Learn how Kant tried to find an answer to Hume, without which neither science nor philosophy can claim general knowledge of reality. His reasoning changed philosophy forever as he argued that the human mind does not passively receive our experience of the world but actively constructs it from sensation.
Kant's saving of science came at a price—the ability to know things as they appear but never "things in themselves." Reason, he argues, cannot prove—nor can science disprove—God, the soul, or free will. Kant protected faith from contradiction and created a different path for the German Enlightenment.
See how the French Revolution and Kant inspired German idealists like Fichte and Schelling to invent a new kind of philosophy, with spirit—hence, freedom—as the basis of nature, not the other way around.
Grasp Hegel's synthesis of Fichte's idealism and Schelling's panentheism with world history as the story of God's coming to self-consciousness. We can follow the "dialectic" of partial, incomplete historical perspectives up to the perspective of the Whole, that is, of God.
Watch how the Industrial Revolution, the rise of European imperialism, and the philosophy of Hegel inspired other thinkers—including Comte, Spencer, Bentham, James Mill, John Stuart Mill, and, especially, Darwin and Marx—to create historical explanations for the development of mind and society.
The socially wrenching birth of industrial capitalism, with its massive human costs, provoked many critics, but the most influential was a young German follower of Hegel, Karl Marx. See how his ideas became the 20th century's greatest challenge to Western liberalism.
Kierkegaard remains the most radical philosophical critic of reason itself. Follow his rejection of Hegel and any attempt to "rationalize" the human condition. For Kierkegaard, the human spirit is subjected to fundamental choices that cannot be reconciled, particularly religious faith, which is intrinsically irrational and higher than reason.

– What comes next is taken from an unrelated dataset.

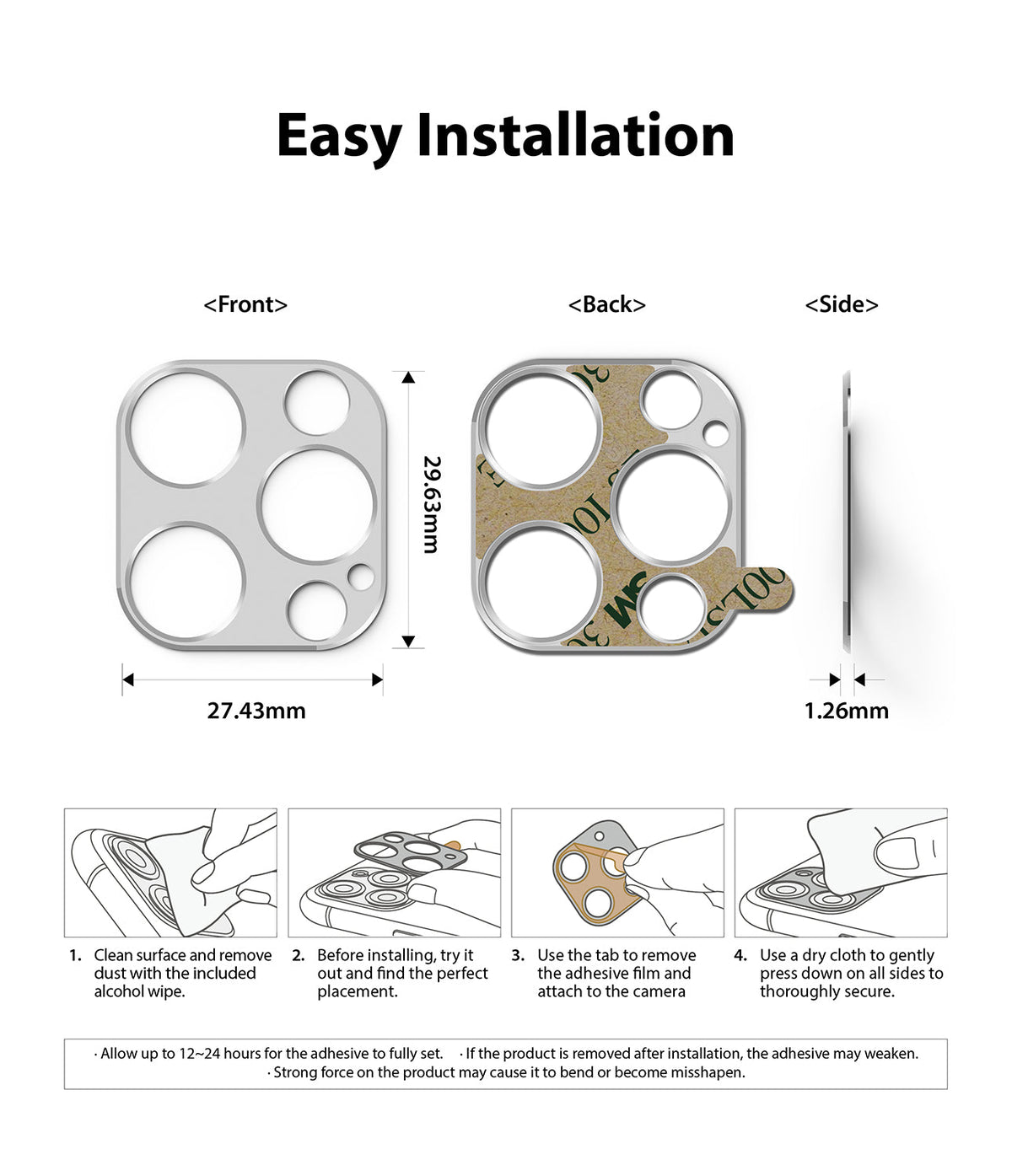 iPhone 12 Pro | Camera Styling - Technical diagram showing dimensions and four-step installation instructions for a lens protector.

Meet the most violent critic of the Judeo-Christian and, to some extent, Greek values of Western civilization. Nietzsche declared that morality makes the individual sick. The modern decline of religion leaves only the "will to power" and the need for a new set of values. His deepest concern was what those values would be.
Besides Hegel, Marx, and possibly Nietzsche, two other German-speaking authors created much of the background for analyzing the unique form of life evolving in the 20th century. Listen as Freud's and Weber's arguments that modern society will generate increasing discontent were taken up by later philosophers.
Watch as late 19th-century philosophy begins to fragment into the three subcultures that would characterize philosophy's next century: analytic, continental, and pragmatic. The last would become the indigenous American tradition, exemplified by its two major contributors, Charles Peirce and William James.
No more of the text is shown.